Bastará interrogar os serviços sociais, públicos e privados, para concluir que
‘o nosso modo de vida, em geral, e, em particular, os mais pobres, mais
vulneráveis e mais desfavorecidos’ está desprotegido.” A comissão acrescenta
que as instituições de solidariedade “vêm testemunhando essa situação de
desprotecção e o seu persistente agravamento”.

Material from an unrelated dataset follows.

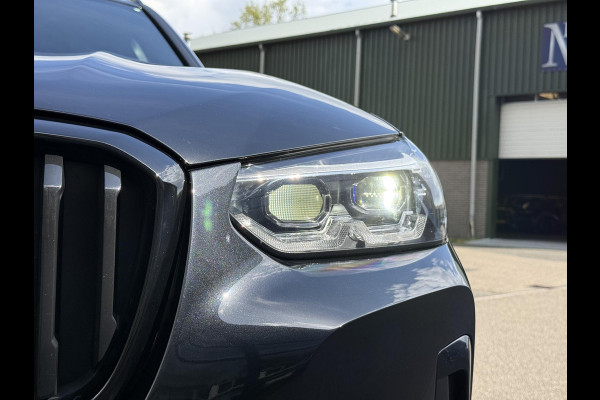 BMW X3 xDrive30e High Executive M-SPORT SHADOW LINE| BTW|  HIFI AUDIO| STOELVERWARMING| ELEK. STOELEN| ELEK. ACHTERKLEP| 20 INCH HOOGGLANS ZWARTE VELGEN| CAMERA| FULL LED|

Tudo somado, a Comissão Justiça e
Paz verifica que “o Estado de Direito vai-se enfraquecendo”. E concretiza: “A
garantia dos direitos dos cidadãos vai-se fragilizando, nomeadamente no que se
refere à parte contratual contributiva da Segurança Social (valor das pensões
da reforma, por exemplo), e ao valor dos salários contratados. As alterações
das condições contratuais por decisão unilateral prejudicam o sentimento de
estabilidade e segurança que qualquer Estado de Direito deve garantir aos
cidadãos.”
A CNJP recorda ainda a nota do
conselho permanente dos bispos, de segunda-feira passada, na qual se falava de
uma necessária “renovação cultural".
Tal renovação, diz agora a comissão,
“requer uma revisitação de alguns valores fundamentais” como sejam “a dignidade
da pessoa humana, enquanto ser individual e social; o reconhecimento de que a
liberdade exige as condições existenciais para o seu exercício; o sentido do
bem comum como dimensão indispensável da realização pessoal”.